No, let’s just write a check to a large organization to find short-term educational hitmen, then let that organization charge schools an additional fee on top of that amount. The GOP wouldn’t DREAM of shelling out $55,000 for a top graduate from an accredited university’s college of education, but if they’ve got middle-of-the-pack credentials in some other field of study (minimum 2.5 GPA – no slackers!), open up the pocketbook, because the money is begging to be spent. Throw that money at a five-week summer class with minimal student exposure on the basics of being in a classroom, then charge the districts an extra fee for the right to put the graduate of that 5-week training, now a “licensed teacher,” in front of a room full of high-need students and cross your fingers that they last more than a week. That’s reality.

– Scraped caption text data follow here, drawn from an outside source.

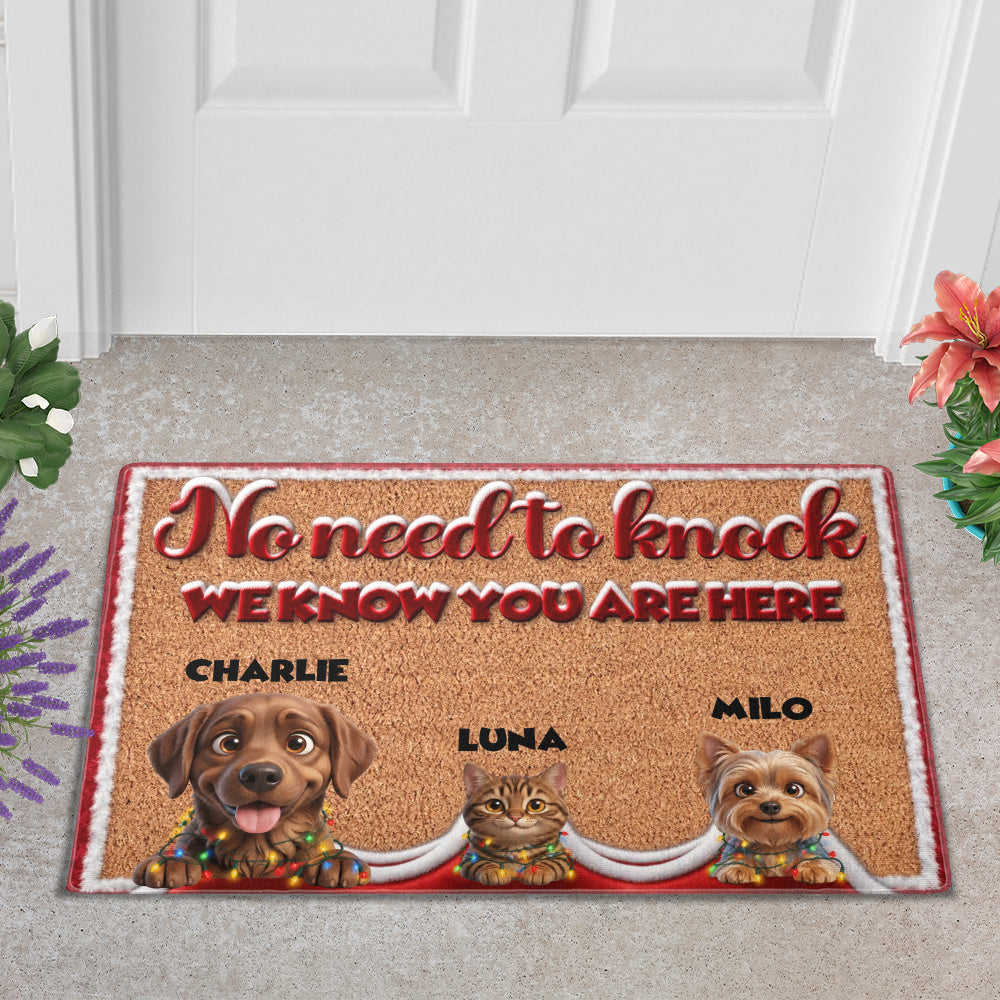 Personalized Pet Doormat – Christmas Lights Trio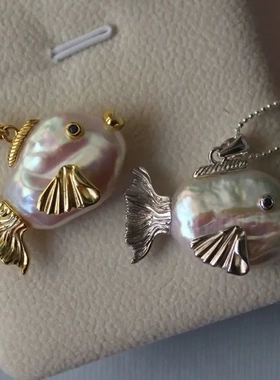 海洋世界小丑鱼项链天然珍珠大头鱼吊坠饰品金鱼亲嘴鱼锁骨链保色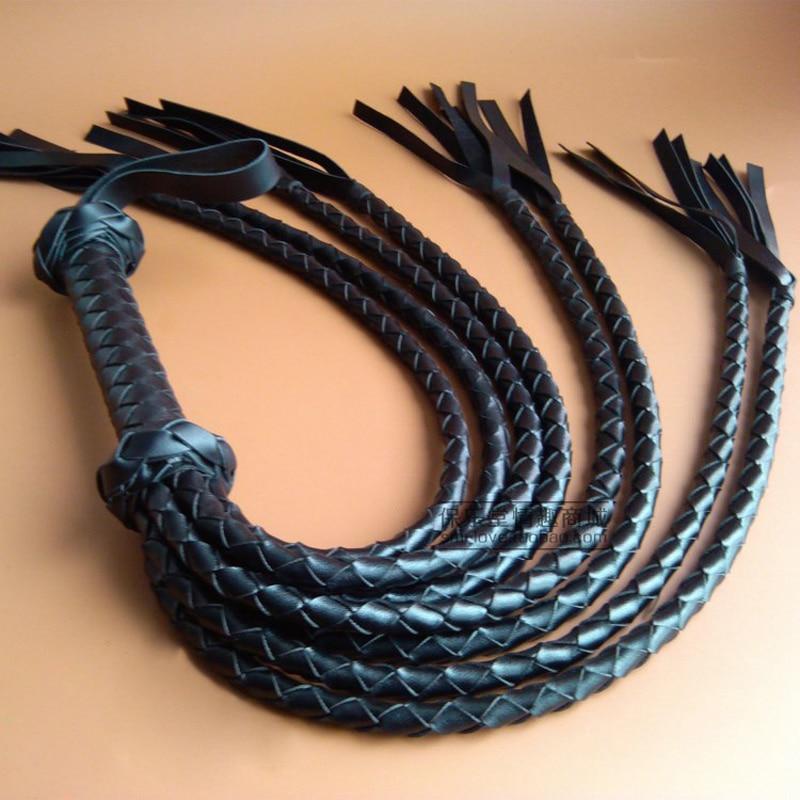 Bdsm Flogger Braided Black Red Tails Spanking Sex Toy Impact Play Fetish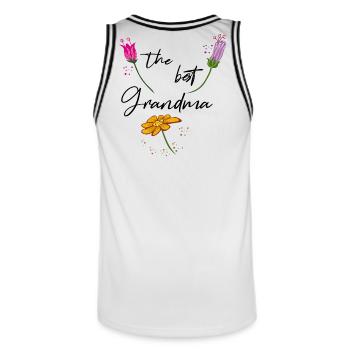 the best Grandma, Großmutter - Männer Basketball-Trikot - Weiß/Schwarz - Hinten - AI Model Male 185 dark (185cm)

In a nutshell, the entire situation with TFA in Ohio demonstrates the lack of respect that is given the teaching profession in our country. Whether we are talking about a young adult exploring the career of teaching through a high school program or a teacher with 30+ years of experiencing in meeting the needs of hundreds of unique children, TFA supporters don’t care — they think you’re not worthy.
And to revisit some basic math that is too complicated for Governor Kasich and the GOP leadership, using the TFA-type of privately funding process to replace classically-trained teachers will result in a dramatic leap in required educational funding. Given that Ohio currently replaces approximately 4,000 teachers annually, the TFA price structure (2-year commitments = $27,500 per year) would require an additional $11 million per year. Once the 2-years-and-out hired guns get embedded in the process and begin rolling out of their jobs on a more regular basis then the costs would begin growing every year, with absolutely ZERO effect on salaries and no reduction to other district expenses.
Maybe such extreme numbers should be considered hyperbole. But why would the Governor speak so highly of a program, and why would foundations pay an additional $55,000 per teacher for a program if they didn’t want it to have amazing success? If this program, as the Governor has famously claimed, will bring in outsiders to save our children, wouldn’t that at least imply a commitment to funding such a process and using the model to reform teaching and teacher education in Ohio?
Kasich said Teach For America participants are “the cavalry.”
“They’re going to ride on white horses with white hats into our schools and be able to interject a tremendous amount of enthusiasm, talent, capability and real-world understanding,” the governor said.
(Columbus Dispatch, April 27, 2011)
For $2 million, Ohio’s children deserve more than 40 white hats and 40 white horses. Ohio’s children deserve well-prepared teachers who have committed their lives to becoming professional educators.
America needs to start supporting legitimate teacher education programs that are researching innovative practices and working to develop future teachers by working with career educators with years of practical classroom experience. If public schools received anywhere near the same level of support and latitude that politically-favored programs do, we could experience sustainable long-term improvements instead of the endless stream of drive-by initiatives that only serve to bind schools in a perpetual state of tumultuous transformation.